En este XXX fogoso, nos aventuramos a una travesía ardiente en el monte con una zorra de culazo irresistible. Entre los árboles y ramas, buscamos un escondite para coger y hacer cruising sin límites. La guarra, con una tanga de infarto, dejaba ver ese trasero monumental que pedía a gritos ser poseído. Sin preámbulos, ella se bajó los jeans y se ofreció, empinándose y mostrándome su ano ansioso de placer.

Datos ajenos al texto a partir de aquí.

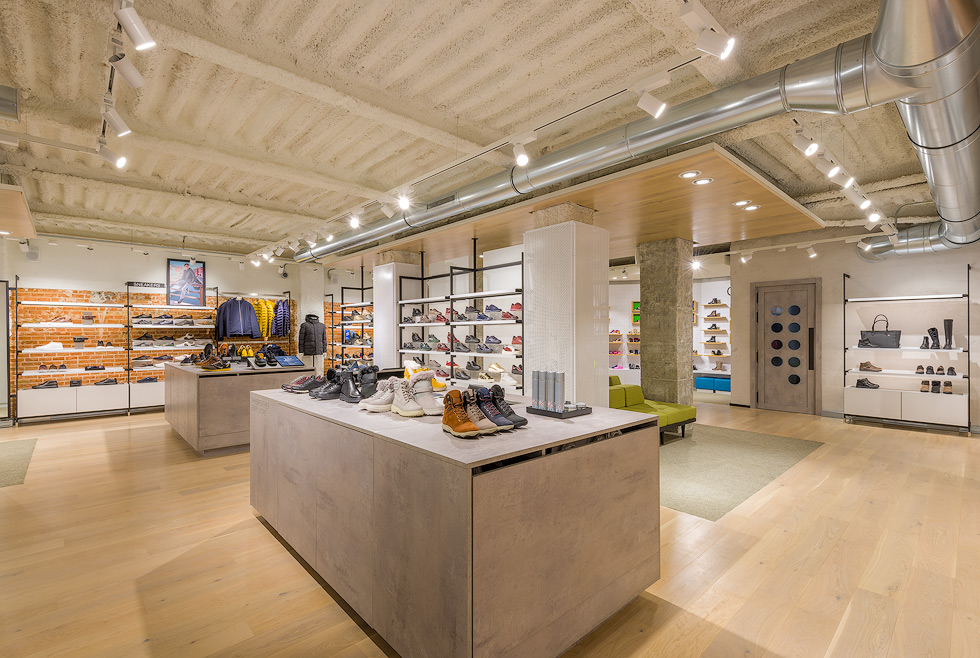 Interior of Geox store, showcasing a modern, well-lit space with shoes and jackets neatly displayed on shelves and tables.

Después de una buena dosis de saliva en su orificio trasero, clavé mi miembro duro y al natural en esa zorra culona. La cogida fue desenfrenada, con embestidas profundas y salvajes en medio de la espesura. Hasta que llegó el clímax: descargué todo mi semen caliente adentro de su esfínter, viendo cómo mi leche se deslizaba lentamente al exterior al final del acto.
Lo que comenzó como una mañana común, se tornó en un encuentro cruising salvaje con esta perra culona y lujuriosa que conocí en plena caminata. Desde el primer vistazo, supimos que era cuestión de tiempo para que nuestros cuerpos ardientes se encuentren en un vaivén desenfrenado. Y así fue, bastó internarnos en la maleza para encontrar el sitio perfecto donde desplegar nuestros instintos más oscuros y disfrutar de un anal profundo hasta vaciarme por completo en ella.